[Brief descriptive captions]
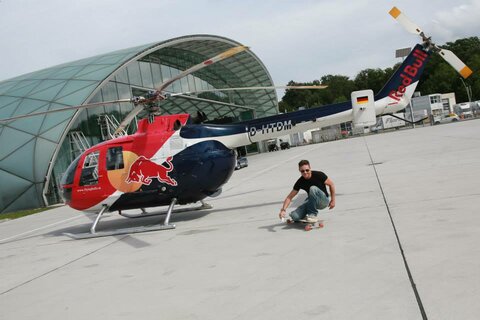 Felix Baumgartner, der Mann der den Rekord Sprung aus der Stratosphäre gemacht hat, Evolve Fahrer,  carved übers Flugfeld, während er seinen Heli auftankt.
www.evolveskateboards.de
Quelle: https://www.facebook.com/FelixBaumgartner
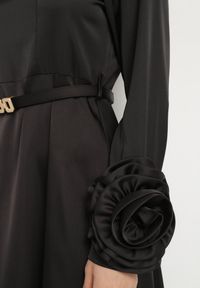 Born2be - Czarna Sukienka Wieczorowa Ozdobiona Paskiem i Kwiatami 3D Temarita. Kolor: czarny. Wzór: aplikacja, kwiaty. Styl: wizytowy #7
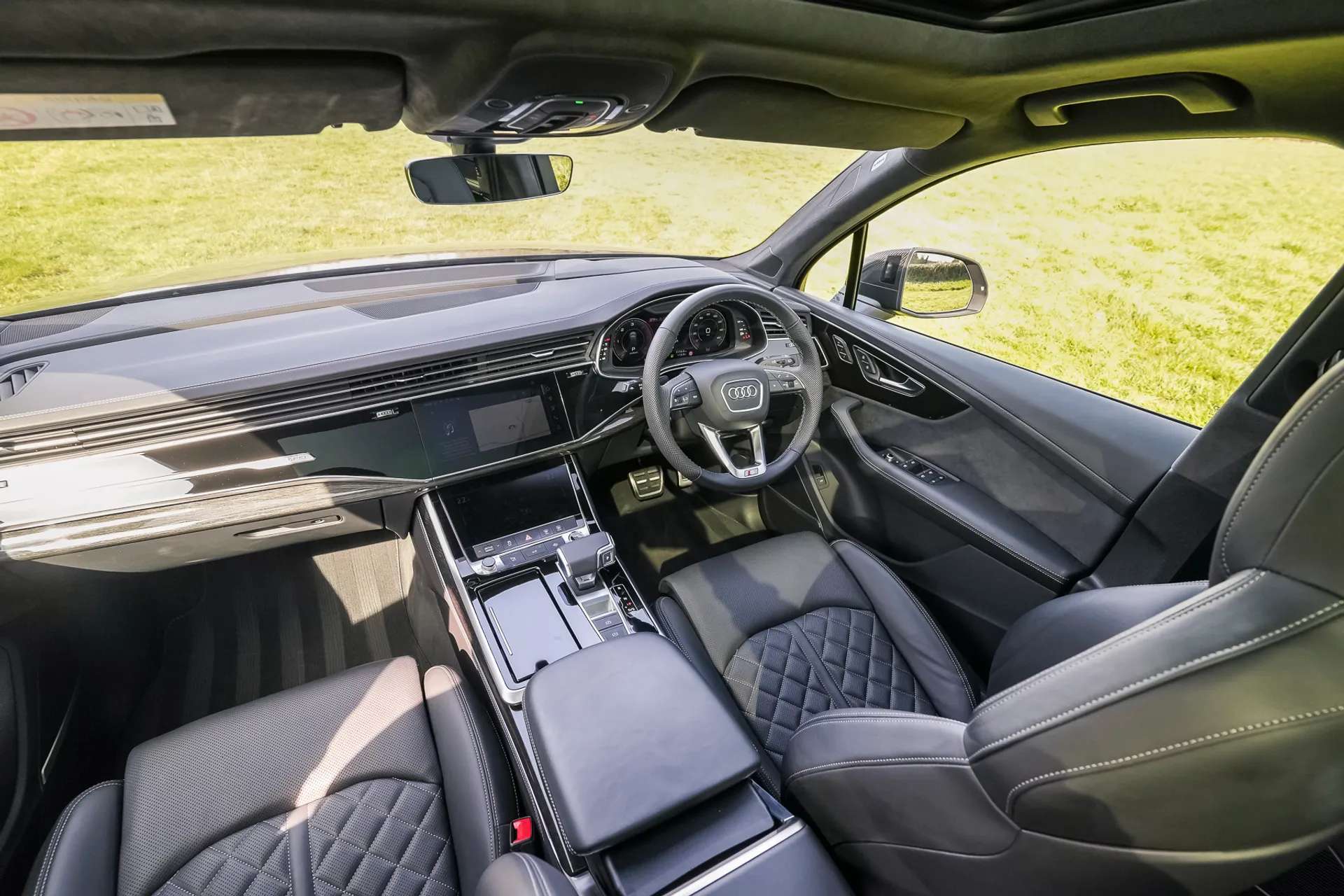2025 AUDI Q7 2025 AUDI Q7
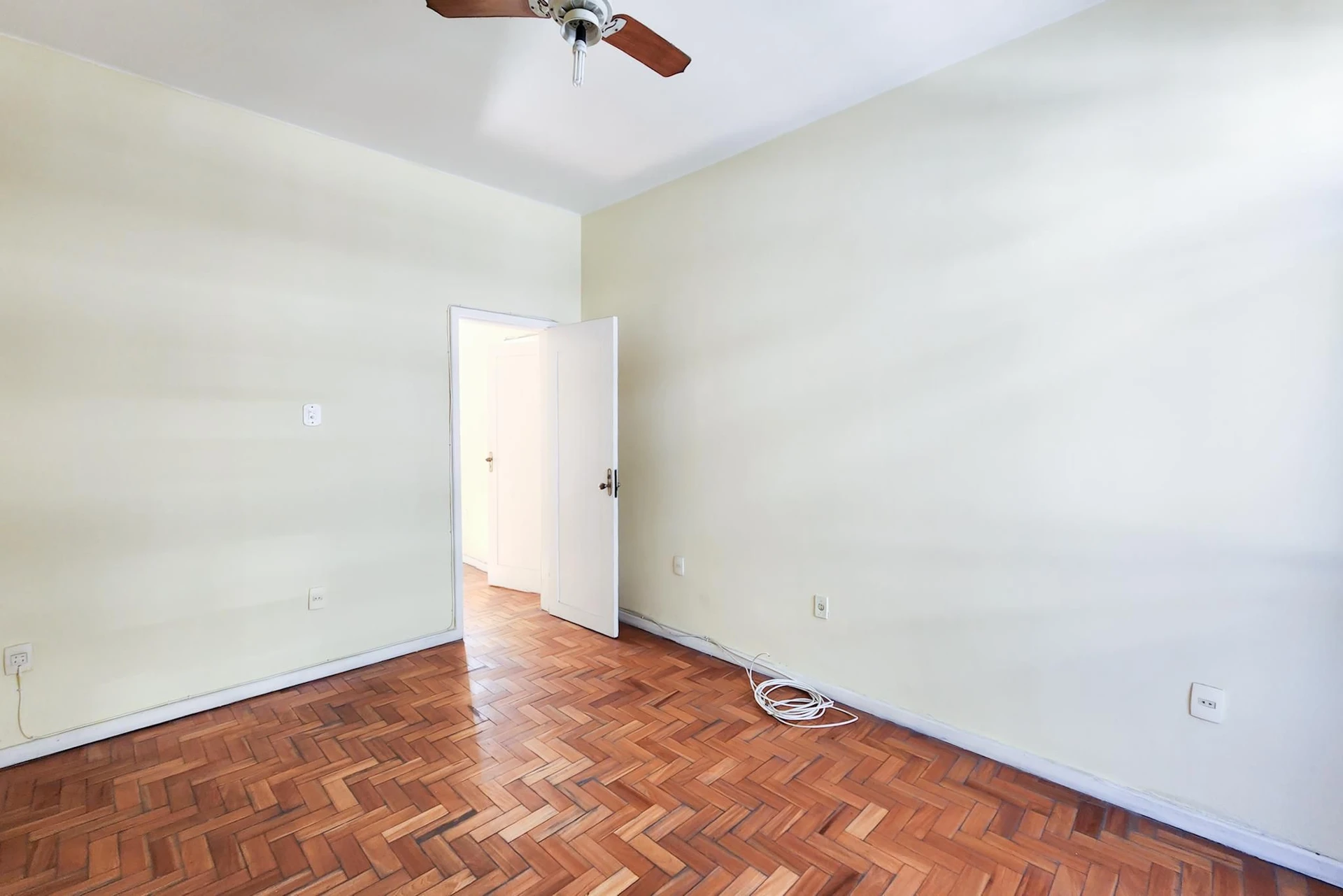 Apartment with balcony, 2 bedrooms and 2 bathrooms — photo 19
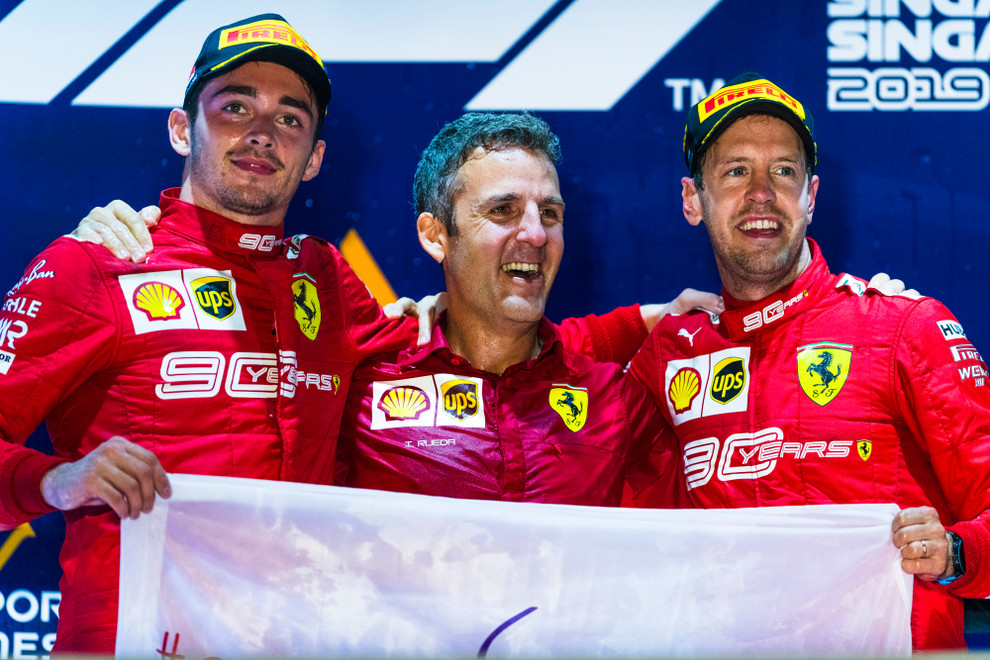 05-ferrari-singapore-gp-2019-gallery-sunday - Charles Leclerc & Sebastian Vettel - Marina Bay 2019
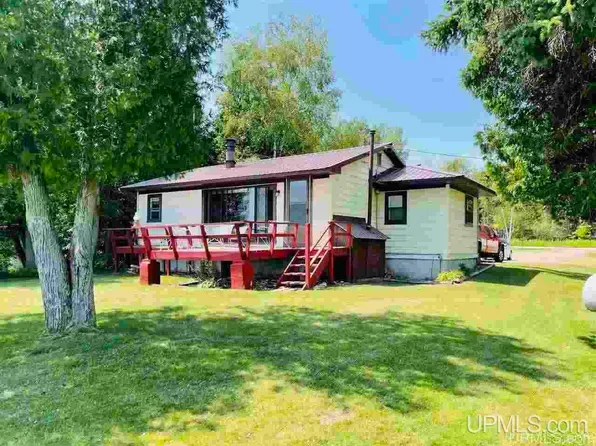 950 N, Garden, MI 49835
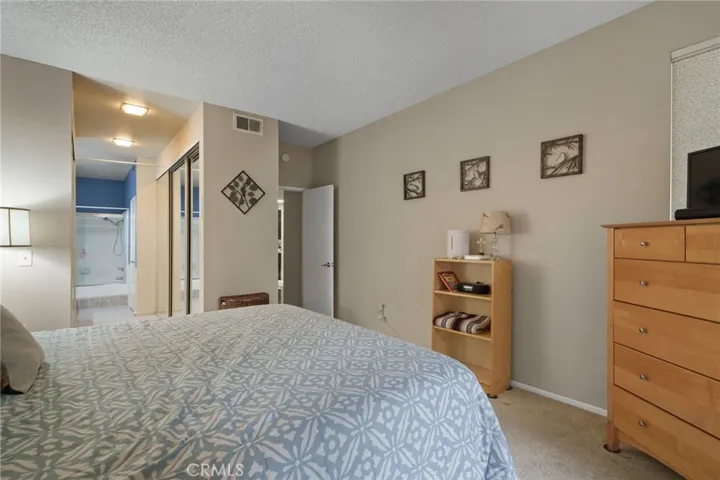 2534 Macarthur O, Santa Ana, California 92704
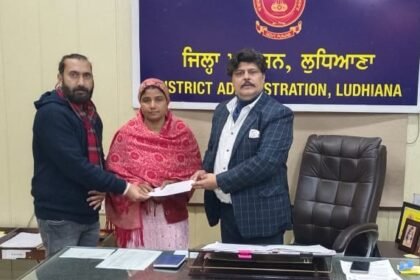 ਜ਼ਿਲ੍ਹਾ ਪ੍ਰਸ਼ਾਸ਼ਨ ਵਲੋਂ ਮ੍ਰਿਤਕ ਸੂਬੇਦਾਰ ਹਰਮਿੰਦਰ ਸਿੰਘ ਮੱਲ ਅਤੇ ਨਾਇਕ ਹਰਦੀਪ ਸਿੰਘ ਦੇ ਪਰਿਵਾਰ ਨੂੰ ਵਿੱਤੀ ਸਹਾਇਤਾ ਵਜੋਂ ਇੱਕ-ਇੱਕ ਲੱਖ ਰੁਪਏ ਦੀ ਰਾਸ਼ੀ ਪ੍ਰਦਾਨ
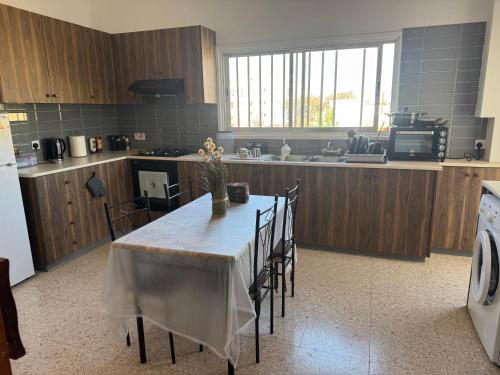 3 Bedroom Apartment in Paphos Center, Pafos (fotografie 10)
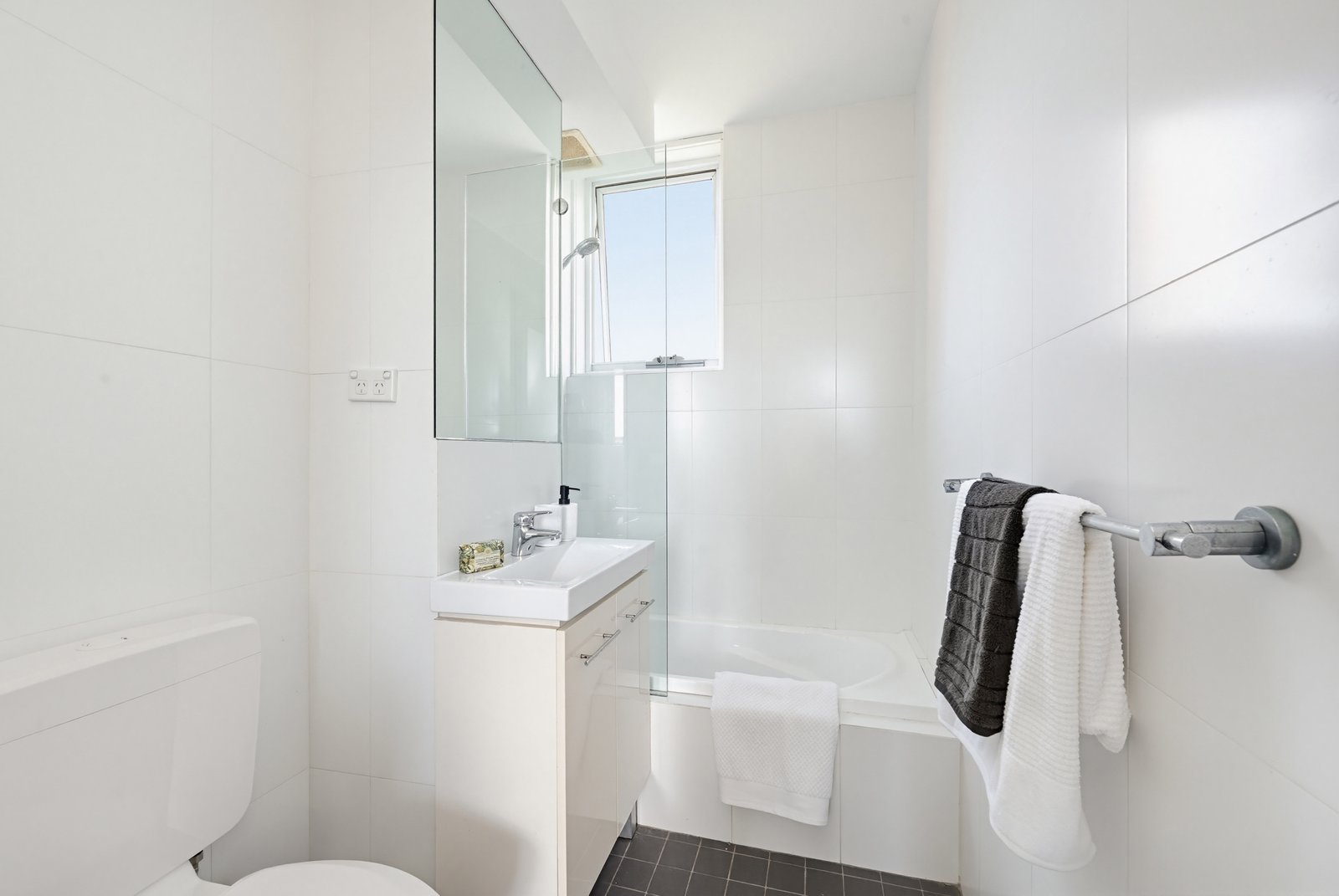8/4 Ford Road MAROUBRA 13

__ACTIVITY__: For this exercise, the lines from the one containing "Apartment with balcony, 2" through the last line of the entries above are to be output exactly, both included, and pictures are skipped.

__SOLUTION FOR THIS EXERCISE__:
 Apartment with balcony, 2 bedrooms and 2 bathrooms — photo 19
 05-ferrari-singapore-gp-2019-gallery-sunday - Charles Leclerc & Sebastian Vettel - Marina Bay 2019
 950 N, Garden, MI 49835
 2534 Macarthur O, Santa Ana, California 92704
 ਜ਼ਿਲ੍ਹਾ ਪ੍ਰਸ਼ਾਸ਼ਨ ਵਲੋਂ ਮ੍ਰਿਤਕ ਸੂਬੇਦਾਰ ਹਰਮਿੰਦਰ ਸਿੰਘ ਮੱਲ ਅਤੇ ਨਾਇਕ ਹਰਦੀਪ ਸਿੰਘ ਦੇ ਪਰਿਵਾਰ ਨੂੰ ਵਿੱਤੀ ਸਹਾਇਤਾ ਵਜੋਂ ਇੱਕ-ਇੱਕ ਲੱਖ ਰੁਪਏ ਦੀ ਰਾਸ਼ੀ ਪ੍ਰਦਾਨ
 3 Bedroom Apartment in Paphos Center, Pafos (fotografie 10)
8/4 Ford Road MAROUBRA 13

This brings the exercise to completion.